From the wsj.com:

Many indicators are pointing to a bottom forming in the housing market. New-home inventories are at historic lows. Home-builder sentiment has finally turned the corner. And finally, home prices have ticked up for four months in a row on a seasonally-adjusted basis.

All that might make it tempting to call the “all clear” once and for all. But one of the earliest experts to identify the real-estate bubble, Yale University professor Robert Shiller, isn’t convinced we’ve crossed into safe territory just yet.

His reasoning? The home-price rebound, if that’s what it is, doesn’t yet have momentum – which Shiller’s research has found is the most powerful driver of home prices.

Momentum is the tendency for prices to keep moving in the same direction. It exists, but is a relatively weak force, in the stock market. In the housing market, though, it’s proven to be a reliable predictor of where prices will go in the future.
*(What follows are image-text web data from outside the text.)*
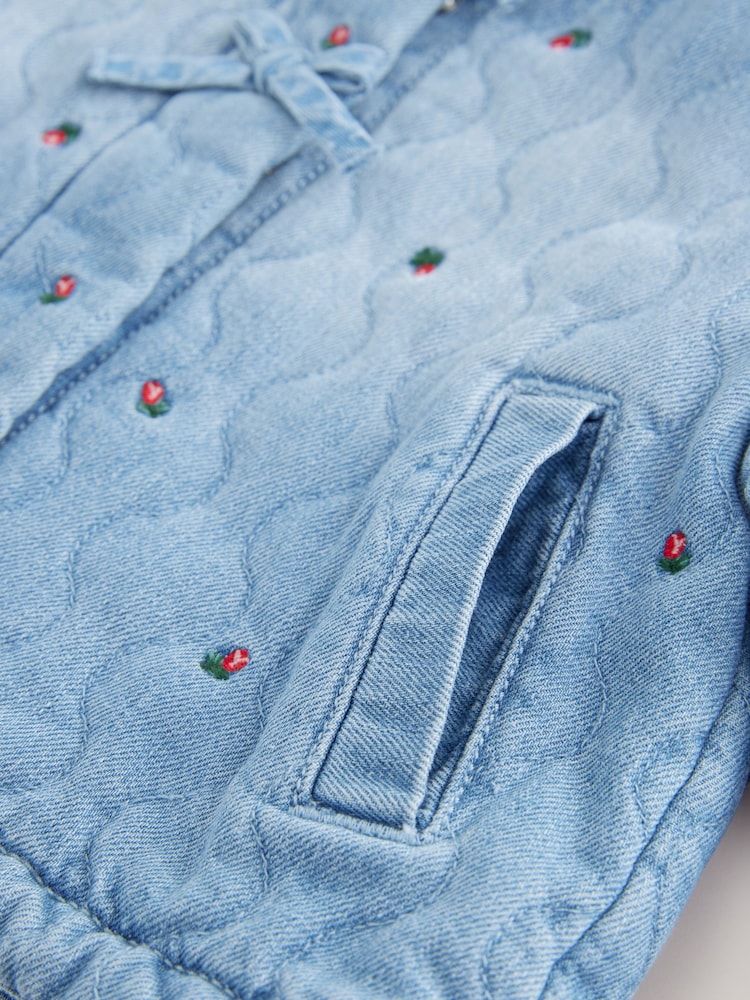 Blau - Rose Emb Quilted Jacket (3mths-7yrs) - Bild 9 von 9 Blau - Rose Emb Quilted Jacket (3mths-7yrs) - Bild 9 von 9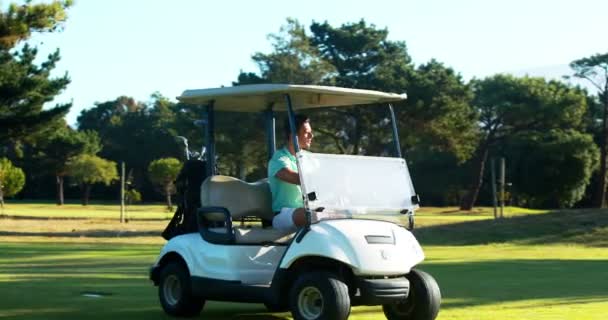 Golfista jízdy v jeho golfového kočárku — Stock video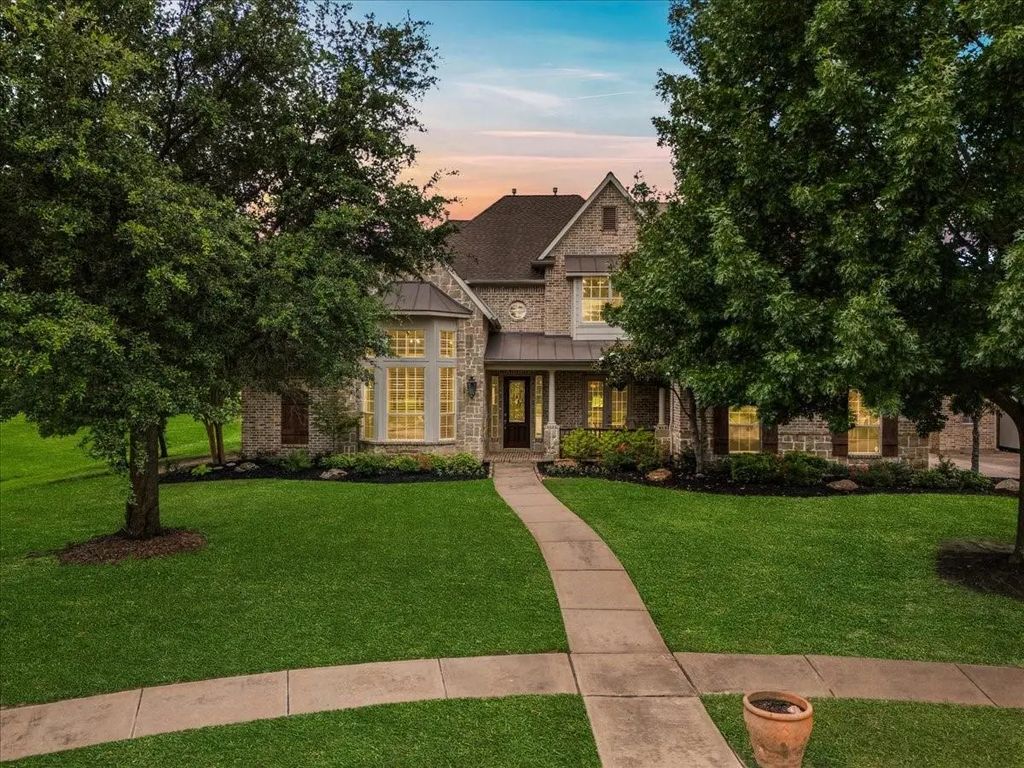 704 Landsbury Court, Keller
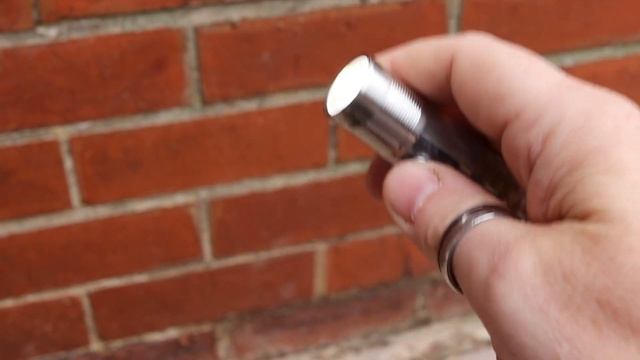 The BEST EDC flashlight - Rovyvon Aurora A28 смотреть онлайн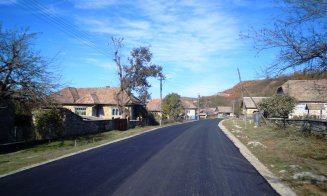 A fost finalizată asfaltarea drumului județean Dăbâca – Panticeu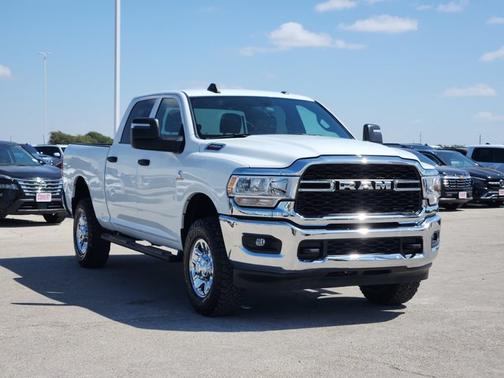 Bright White Clearcoat 2024 RAM 2500 Tradesman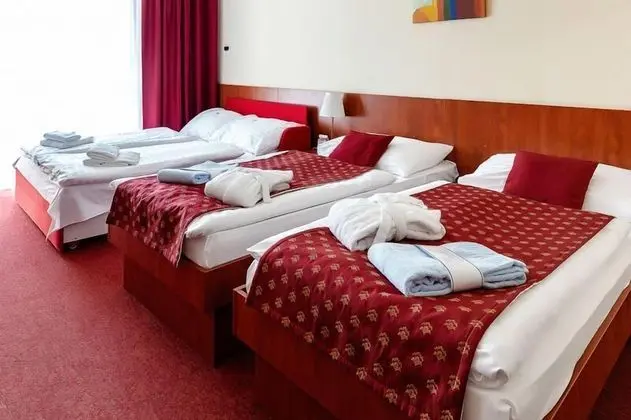 Comfort Tek Büyük Yataklı Oda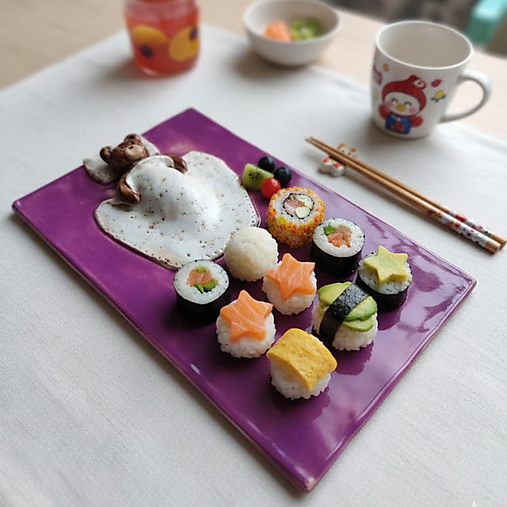 Nádoby - Veselý Sushi tanierik s mackom - Fialový - 17842972_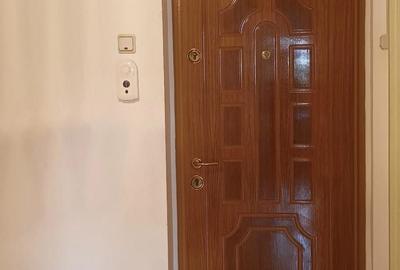 Apartament cu 2 camere decomandat în Calea București - 6
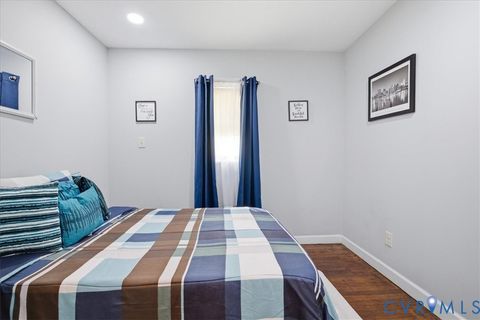 Tiny photo for 911 Augusta Avenue, Petersburg, VA 23803 (MLS # 2609556)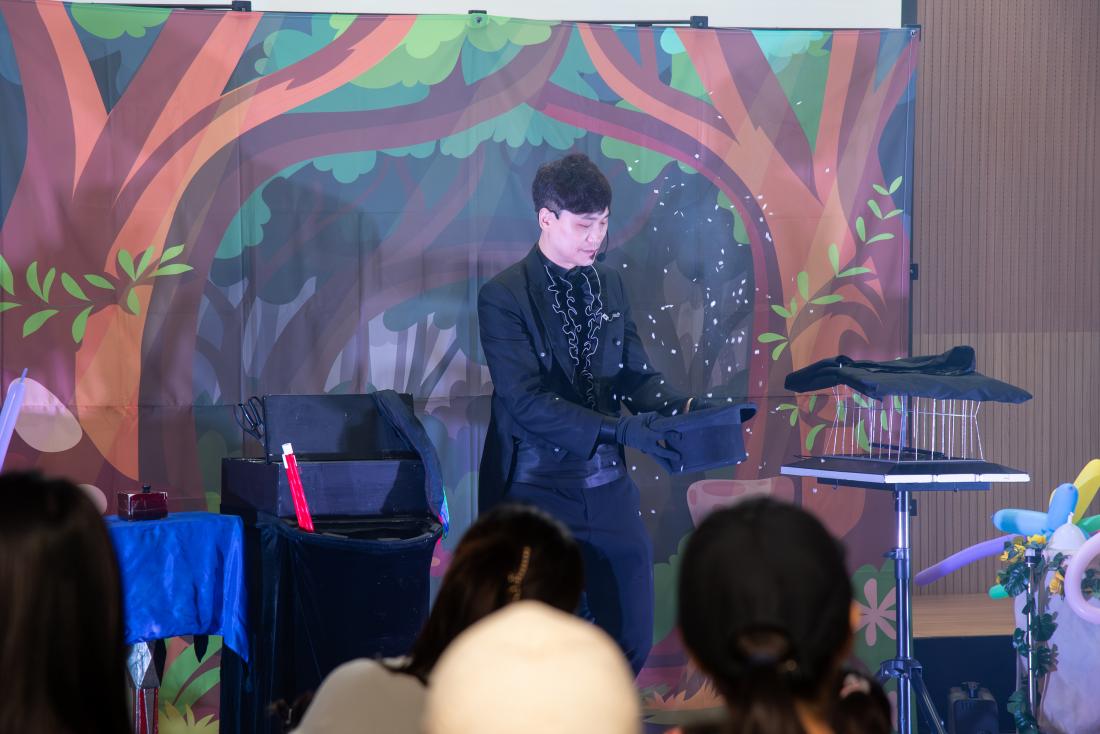 20250914_주말가족공연 '빨간머리앤 풍선동화'_6.jpg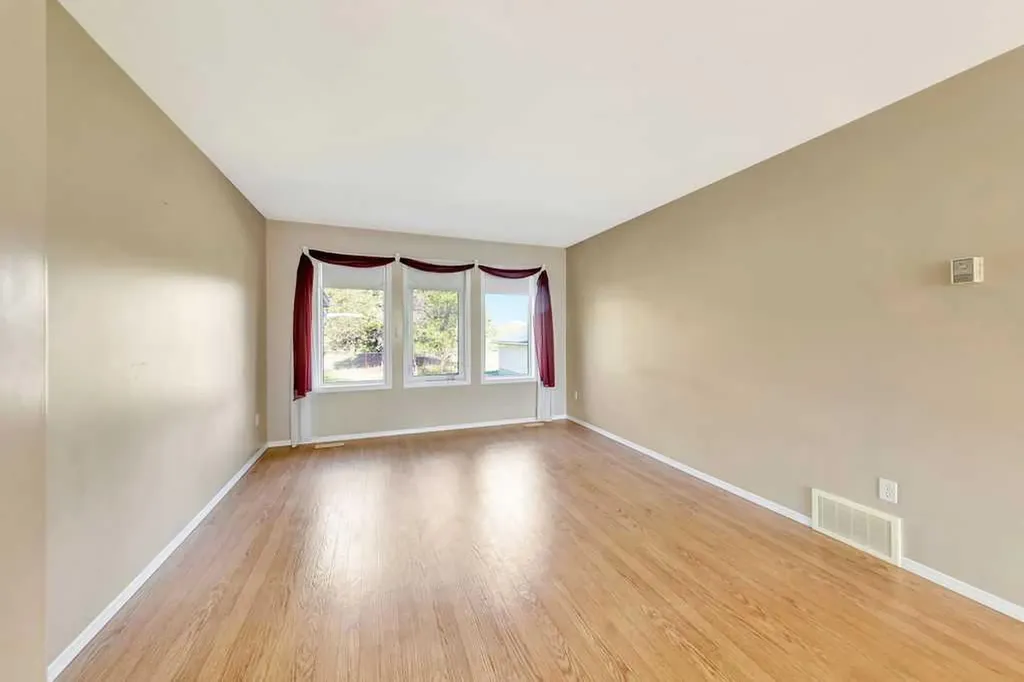 16 1st Street W Neilburg SK S0M 2C0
That’s in part because of what Shiller calls “feedback loops.” When someone makes a lot of money off of home-price increases, his friends hear about it and maybe the media takes note. Others who hear those stories decide to take their chances buying a home themselves. That leads to further price increases and more success stories, and the loop continues.

Feedback loops can help home prices – as they did during the housing boom – or hurt them, as they have with all the bad real-estate news over the last few years.

With several successive months of price increases, you’d think that momentum would finally be in the real-estate market’s favor. But Shiller says he stills sees reason to be skeptical.

“It could be [a bottom]. It’s a real possibility. I just don’t know,” he says.

Among the reasons to be wary, according to Shiller: a large overhang of homes that are either in foreclosure or near it. If those homes flooded the market, it could push prices down even further.

And though momentum is the No. 1 driver of home prices, the No. 2 driver, the unemployment rate, is still well over 8%.

Shiller thinks speculative bubbles might already be forming in some cities, namely San Francisco and Phoenix, which have risen 5.7% and 14%, respectively, on a seasonally-adjusted basis since bottoming.

Prospective buyers in those markets remember the huge run-ups in their markets in the last decade and so have been “primed to think speculatively,” in Shiller’s words. “At other times in history, little attention has been paid to timing the housing market,” he says. “There was a change in our mindset. Now we start thinking about the housing market as like the stock market.”

How long until the momentum effect takes hold? Shiller says he’d want to see home prices continue to increase through the fall and spring before he’s comfortable that it’s here to stay.